This is an archived version of the course and is no longer updated. Please find the latest version of the course on the main webpage.

Introduction

Machine Learning (ML) will be central throughout your AI degree, whether you like it or not!

In this module, we will look at a machine learning library for Python called scikit-learn.

This module is not to teach you about machine learning (there is that other Introduction to Machine Learning module for that!). This is more of an introduction on how to use a Python library to perform machine learning.

Scikit-learn is built on NumPy, SciPy, Matplotlib and Pandas (this was why I introduced these first).

The name comes from the SciPy Toolkit (SciKit), because scikit-learn started out as a third party extension to SciPy. While we are not covering SciPy in our course, SciPy is essentially a library on top of NumPy that provides you with convenient classes and functions to perform scientific computations, like linear algebra, optimisation, and statistics.

Scikit-learn focuses on modelling data, and leaves the loading, handling, maanipulation and data visualisation to be handled by the other libraries.

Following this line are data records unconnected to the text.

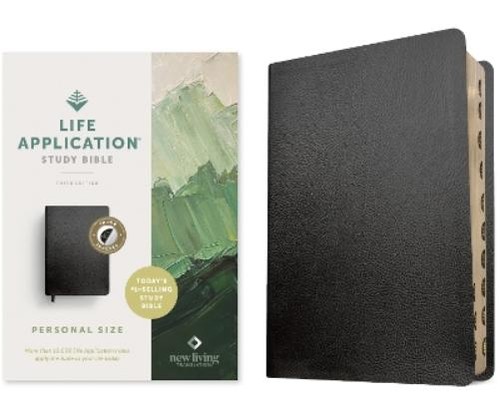 Tyndale nlt life application - tyndale,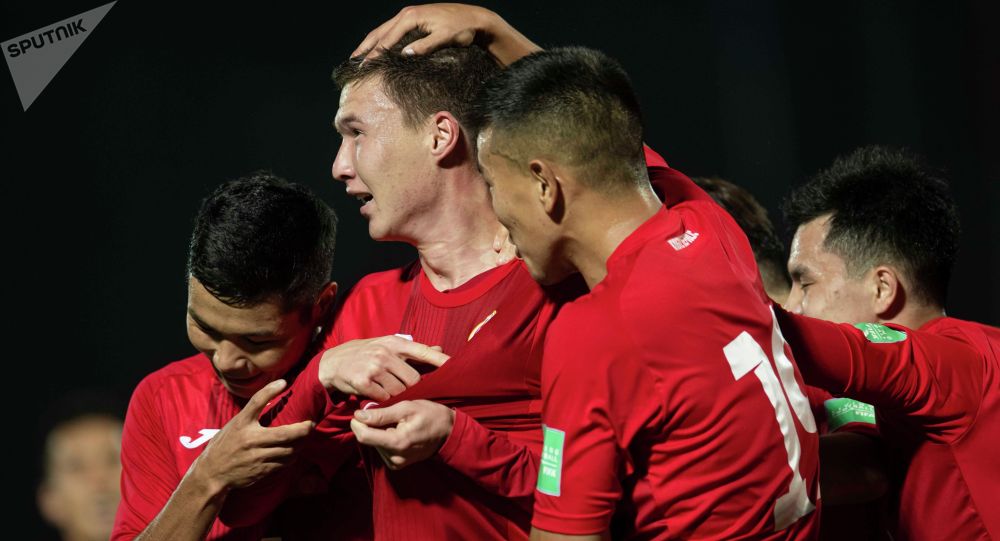 Көптөн күткөн оюн! Кыргызстан — Палестина футбол беттешинен 16 сүрөт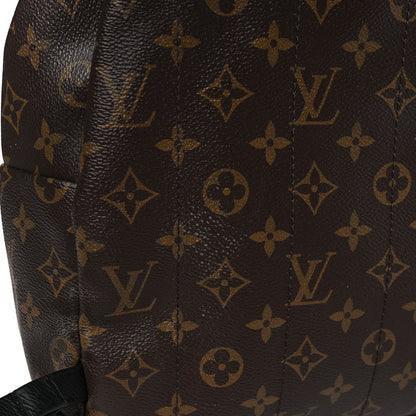 Louis Vuitton Monogram Palm Springs Backpack MM 13 of 13
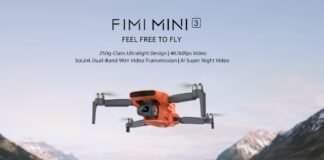 FIMI X8 MINI 3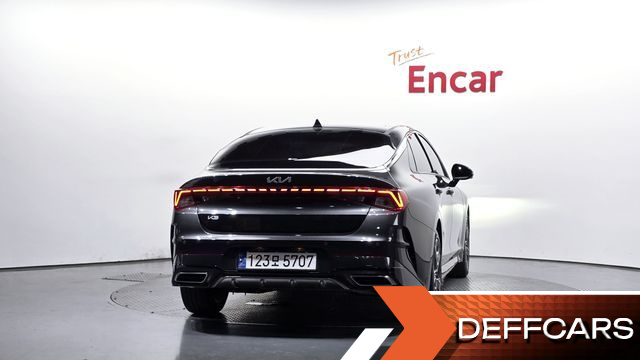Kia K5 2.0 Signature купить на сайте DeffCars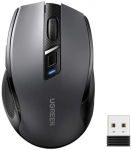 UGREEN MU006 15064 optical wireless mouse 2.4GHz Bluetooth 5.0 blue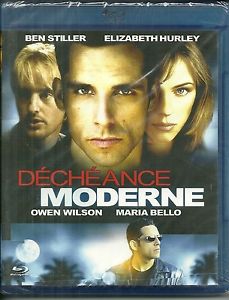 Déchéance Moderne - BluRay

Here are some examples of what scikit-learn provides:

  • Datasets
  • Supervised models
  • Feature selection
  • Clustering of unlabeled data
  • Dataset transformation (preprocessing, feature extraction, normalization, dimensionality reduction, etc.)
  • Model selection and evaluation (cross validation, hyperparameter tuning, classification metrics, etc.)
  • Ensemble methods (Boosting, Bagging, Random Forest, etc)

You can use all the provided ML models as a blackbox, without really having to understand what goes on inside (remember the word abstraction?). Having said that, it is always good to at least have a high-level intuition of what each model is or what an algorithm does!

Scikit-learn is quite easy to use. The API is quite unified. Once you understand the basic use and syntax of one model, you can easily switch to another model since they all have a similar interface.